Pero con el triunfo de la coalición Morena-PT-PES, Andrés Manuel López Obrador consiguió una mayoría legislativa de la que está haciendo un fructífero uso para romper ese bloque de contrapesos, con la designación de incondicionales en los organismos autónomos que antes fueron espacios de cuotas partidistas.

Es cierto que ese criticado modelo cayó en excesos, pero también lo es que ese reparto de cuotas correspondía a una representación política real, la de una sociedad plural como la nuestra.

Por el contrario, ahora atestiguamos el afán cotidiano por acorralar a los componentes de ese bloque, sea la satanizada prensa fifí: los desdeñados expertos que, según el presidente Andrés Manuel López Obrador, sólo eran independientes del pueblo; o activistas del movimiento de víctimas que, como Javier Sicilia, le producen flojera.

El problema de ese modelo de confrontación es que el acorralamiento a los llamados adversarios también desgasta a los operadores de la Cuarta Transformación, sea la secretaria de Gobernación, Olga Sánchez Cordero, los jefes de las bancadas de Morena, el diputado Mario Delgado y el senador Ricardo Monreal, o la dirigente del partido, Yeidckol Polevnsky.

Porque no es anecdótico ni gratuito el golpeteo entre los morenistas, desgastados como artífices de la polarización que se dicta desde el interior de Palacio Nacional.  

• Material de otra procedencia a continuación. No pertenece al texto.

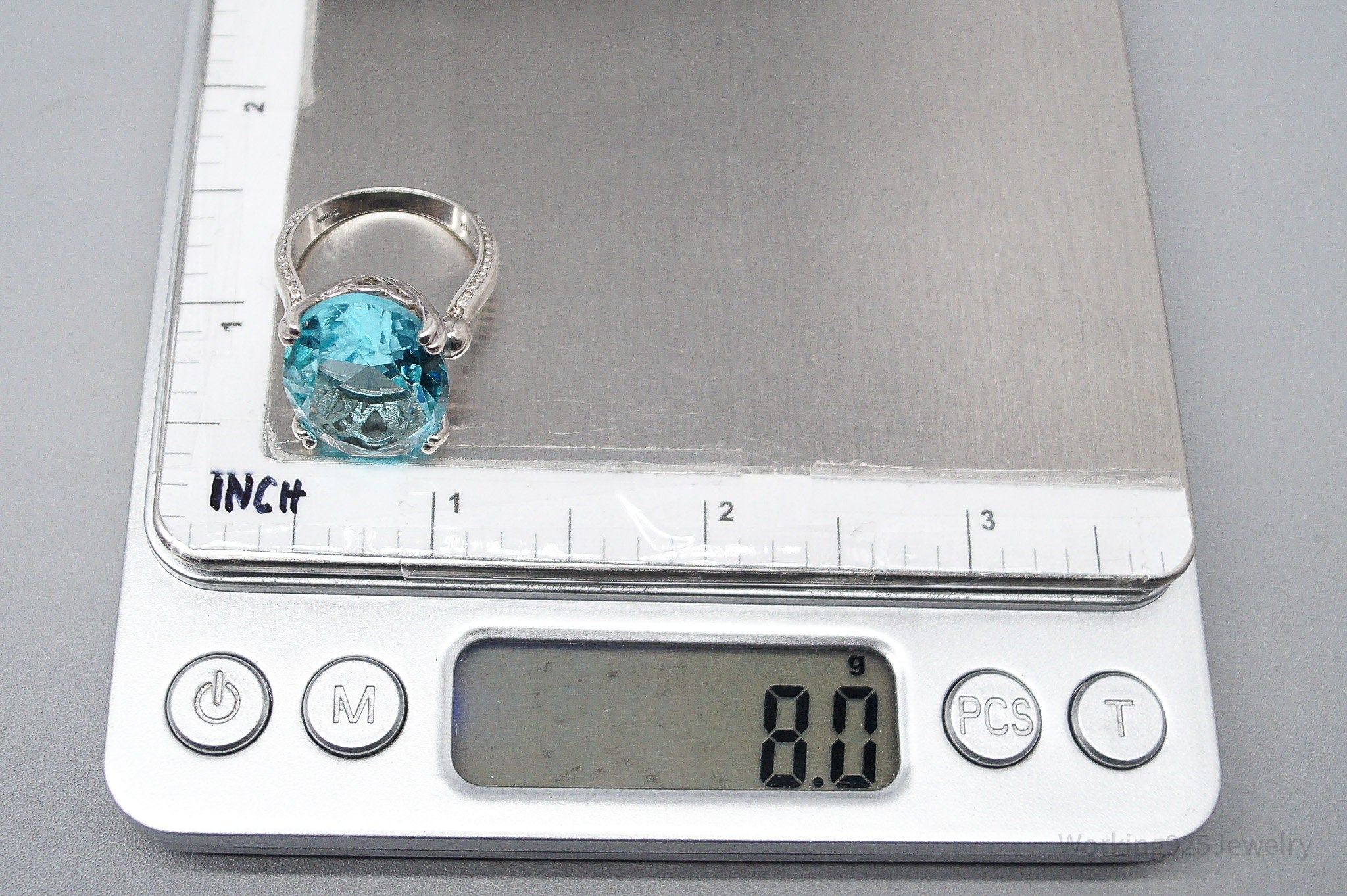 Vintage ATR Large Glass Faux Blue Topaz Sterling Silver Ring - Size 7.25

Es un secreto a voces el cansancio de funcionarios y de legisladores –a los que incluso les ha tocado el rol de porros– en esta dinámica que alcanzó su mayor éxito con la designación de Rosario Piedra  al frente de la Comisión Nacional de los Derechos Humanos.

Un éxito amargo que contaminó el clima del Senado, donde la próxima elección entre Margarita Ríos Farjat y Ana Laura Magaloni para la vacante de la Corte podría atorarse en esa polarización que inhibe acuerdos y mina la confianza para construirlos.

Porque al cumplirse el primer año de gobierno, la confrontación terminó por imponerse entre los senadores morenistas afines a Ricardo Monreal y los aglutinados en torno a Martí Batres, políticos profesionales atrapados en los incentivos del pleito que, hay que decirlo, no son los incentivos de la política ni los de la gobernabilidad.